The following is a Q&A with Boys Town behavioral expert on praise and how to use it with the Praise Box.
Q: What is praise?
A: More than anything else, children want and need the attention of their parents, and they will do anything to get it. Praise is the positive attention and approval children crave from parents. Unfortunately, we often tend to give children negative attention only when they are doing something we do not like and miss opportunities to give them positive attention (praise) when they do things we want them to do. For example, we might not acknowledge a child who is sitting at the table eating dinner with the family. But if that child is running around the dining room instead of eating, we are all over him or her for misbehaving.
This is not to say we shouldn't give a child negative consequences for running around when he or she is supposed to be sitting at the table. We should. But we also need to provide positive attention to the child when he or she is sitting and eating. In other words, we should always be looking for and acting on opportunities to praise children for their positive behavior.
Q: How can parents put praise into practice in their homes?
A: One way parents can do this is to make a list of the negative behaviors they want their children to stop and then write down the positive – or "opposites" – of that behavior. So if your child is hitting, the positive opposites of that behavior could include "being gentle," "keeping hands to self," or "staying calm."
Next, parents should start giving more attention to the child's positive behaviors so he or she starts associating that attention with doing something good. Parents can use verbal praise to do this; these statements might sound something like this: "Great job being gentle with your sister," or "Thank you for keeping your hands to yourself even when you are mad."
Using a specific praise statement to call attention to a positive behavior encourages children to use that behavior more often in the future. Specific praise also teaches kids which particular behaviors are appropriate and good to use. Simply saying something general like "Good job" does not let children know exactly what to do again next time. For example, praising a child who has difficult time staying seated by saying, "I like how you are staying in your seat," lets the child know exactly what he or she did and that he or she is able to do it. And it provides recognition to the child for doing it, demonstrates that doing it will earn positive attention from you, and encourages him or her to keep doing it.
Q: How frequently should parents give praise?
A: We encourage parents to praise kids at a ratio of four praise interactions for every one corrective interaction for negative behavior – or as we like to call it the "4-to-1 Rule." You can praise your children for just about any positive behavior, from big things like cleaning their room to smaller things like simply saying "Please" and "Thank you." When children receive praise for appropriate behaviors, they are more likely to continue to repeat those behaviors and make them a permanent part of their daily life. The 4-to-1 Rule is a great way to help parents focus on praise.
Q: How does praise improve the parent-child relationship?
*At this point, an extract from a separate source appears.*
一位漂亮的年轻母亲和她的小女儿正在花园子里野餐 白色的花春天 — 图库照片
A: Giving praise strengthens the relationship between children and their parents because children start to recognize that their parents see the positive things they do, not the just the negatives. It's much like the relationship in a marriage. If Mom cooks dinner every day and Dad never acknowledges it, but one time says, "This doesn't taste good," do you think Mom feels good about herself, wants to cook again, or has good feelings about Dad that day? Probably not. On the other hand, if Dad often tells Mom, "Thanks for cooking for us" or "Your dinner was amazing," Mom will be more encouraged to cook for the family, have more positive feelings about Dad, and feel better about herself. It works the same way for children.
In addition to strengthening the parent-child relationship, using praise has other benefits: children exhibit more of the positive behaviors their parents are praising them for, their self-esteem increases, and both children and parents feel good about what is happening.
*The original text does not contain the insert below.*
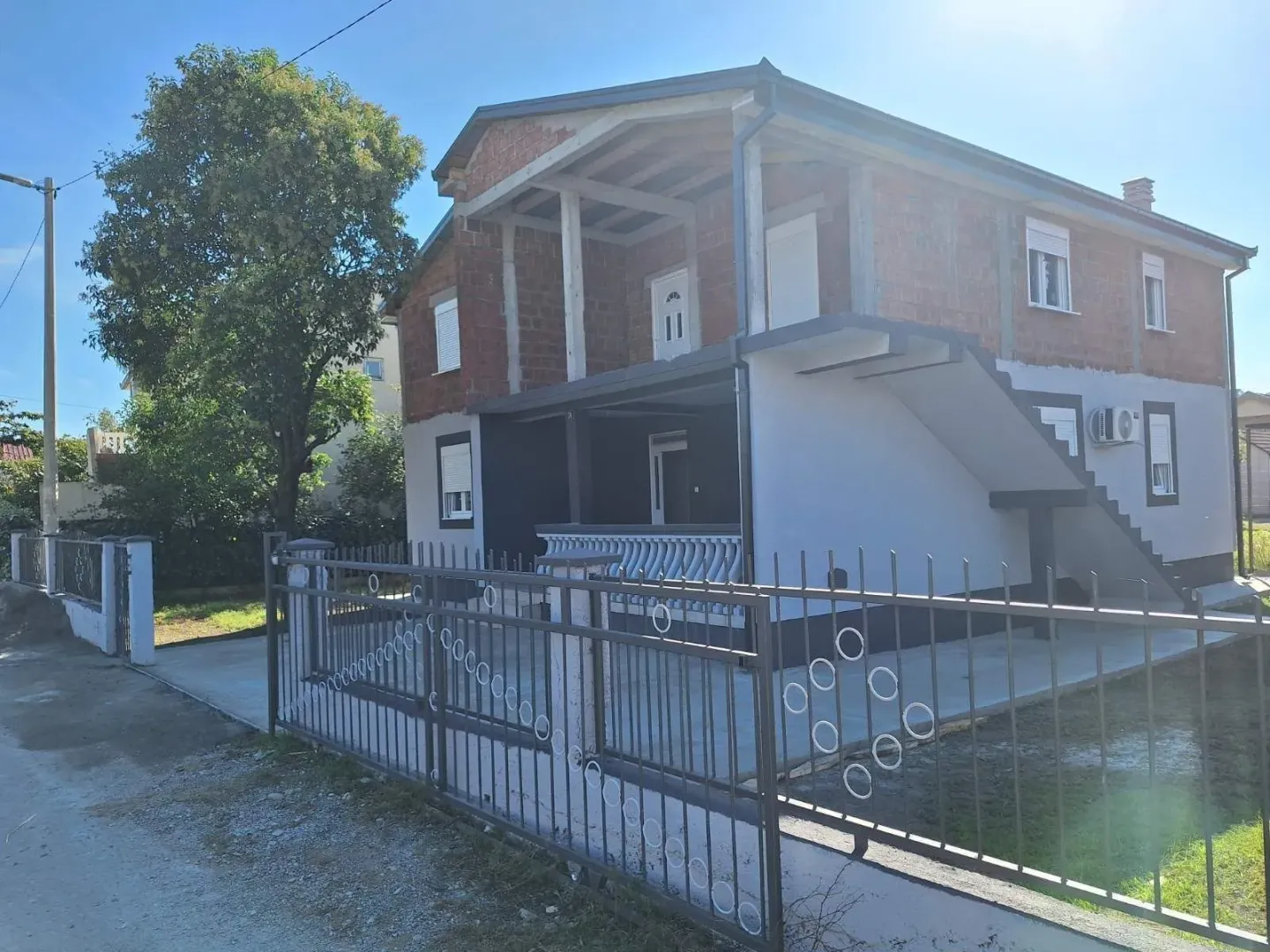 Exterior of a two-story house under construction with a yard.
Q: How can I use the Praise Box?
A: Going through every day can be a daunting challenge for families. There's the morning routine, getting off to school, after-school activities, dinner, homework, maybe an evening activity, and finally bedtime routine. That's a full, busy day! With all that going on, it can be challenging for parents to remember to praise kids for the positive behaviors they use during those times. The Praise Box is an excellent tool to help remind you to focus on catching your children being good and telling them you appreciate their efforts. In addition to the ongoing verbal praise you use throughout the day, find moments to use the Praise Box by doing the following:
- When your child does something you especially want to reinforce (e.g., a new behavior the child is learning or one he or she is struggling with), use the Praise Box. After you verbally praise the child for using the behavior, take a moment to write down the behavior you praised and put it in the Praise Box to review with your child later. Reinforcing the child's behavior immediately in the moment and later when you review the Praise Box is a powerful way to grow and reinforce learning.
- Include Mom and Dad in the Praise Box. Let your children know it's okay for them to use the Praise Box for you and the things they appreciate about you. This is a great way to model for your children the importance you place on praise and the need to acknowledge and applaud good efforts.
- Reviewing the Praise Box every day is likely impossible. Make it a point to at least review the contents once a week – maybe on a day and during a time the family chooses, like after religious services, on Saturday mornings before chores, or after a Sunday meal. During this time, take the Praise Box and go through it together as a family. This is another good way to model for your children and emphasize the value you put on praise and catching them being good.